Nous sommes sur l’épisode de canicule le plus précoce depuis la création du thermomètre. On pourrait atteindre les 40 à 42°C de Nantes à Biarritz, atteignant ainsi des records annuels. Nous serons autour de 40°C sur la Méditerranée et de 35-39°C sur le reste de la France, on sera très proches des records de juin. Cela aura des conséquences très importantes sur les écosystèmes et sur l’agriculture. Les prairies vont être touchées : la pousse de l’herbe va s’arrêter sous l’effet de la chaleur et du manque d’eau, ce qui fera moins de foin. Pour les céréales, les blés sont très en avance, à l’exception du Nord où il y a un petit risque d’échaudage. Mais nous sommes déjà sur une production en recul de 15% en moyenne sur les céréales à cause de la sécheresse.

Il va commencer à y avoir un impact sur la vigne et l’arboriculture

Et puis il va commencer à y avoir un impact sur la vigne et l’arboriculture qui ont des racines plus profondes surtout au niveau de la Méditerranée. Dans les élevages, il risque d’avoir une évolution sévère de THI (indice de température et d’humidité) sur la façade atlantique et le sud-est ce qui peut conduire à des problèmes de bien-être animal, des pertes de rendement en lait ou des taux de reproductions moindres, surtout si la canicule se poursuit en juillet et en août.

Attention aux volailles, il y a un risque de mortalité accrue

J’ai aussi une inquiétude, peut-être injustifiée, par rapport aux volailles. Dans l’ouest de la France, elles sont confinées et si les bâtiments ne sont pas suffisamment aérés il y a un risque de mortalité accrue.
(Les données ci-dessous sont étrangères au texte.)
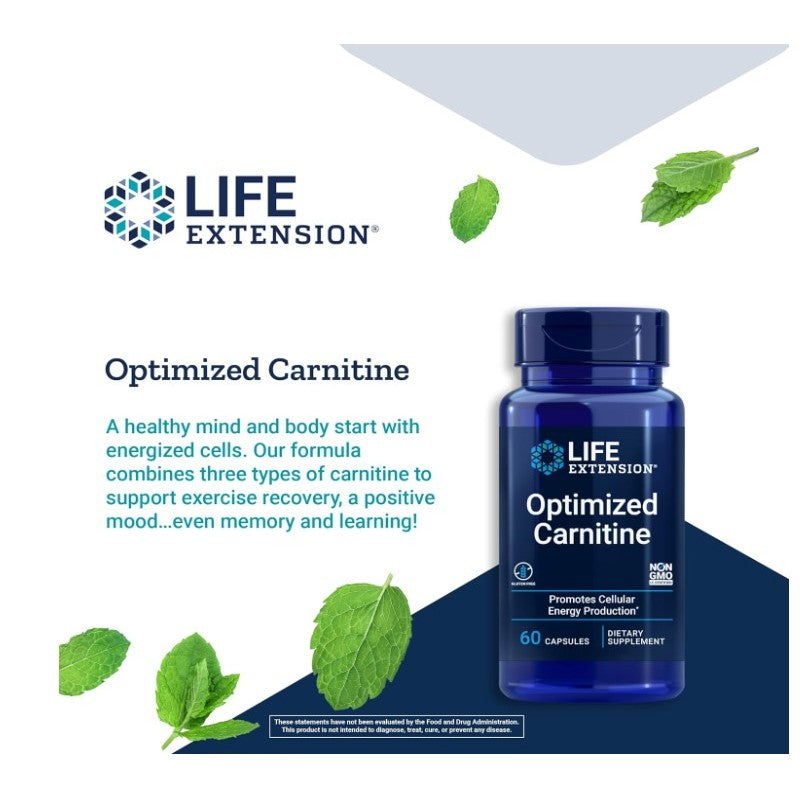 Lowcostph | Life Extension, Optimized Carnitine, 60 Capsules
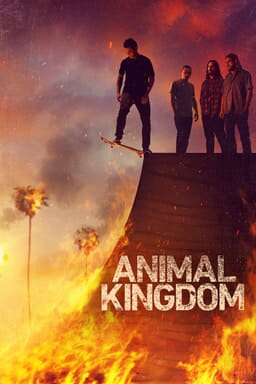 Animal Kingdom - Staffel 6 - Key Art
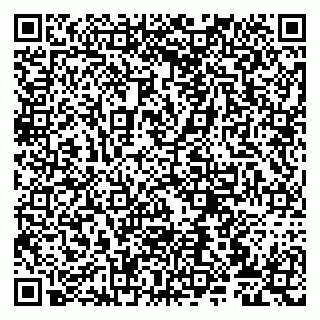 vCard 79807273408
Je m’inquiète particulièrement pour la Vendée, le sud de la Bretagne et le Sud ouest de la France. Il va falloir faire évoluer les bâtiments.

Des grosses chaleurs suivies d’orages intenses avec de la grêle : les agriculteurs doivent-ils se préparer à ces épisodes de plus en plus fréquemment du fait du changement climatique ?
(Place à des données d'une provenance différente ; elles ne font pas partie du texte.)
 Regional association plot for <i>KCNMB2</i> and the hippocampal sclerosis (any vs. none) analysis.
Des épisodes de chaleur ? Oui, on ne peut pas le contredire. Le Giec l’a montré beaucoup de fois. Les canicules s’étendent de plus en plus sur juin et septembre. Pour les orages c’est plus compliqué, les indices de fiabilité sont plus faibles. Pour l’instant, il n’est pas prévu d’accentuation. Ce que l’on sait c’est qu’il y a plus de pluies lors des orages. Sur la grêle, nous n’avons pas de tendances fiables pour l’instant.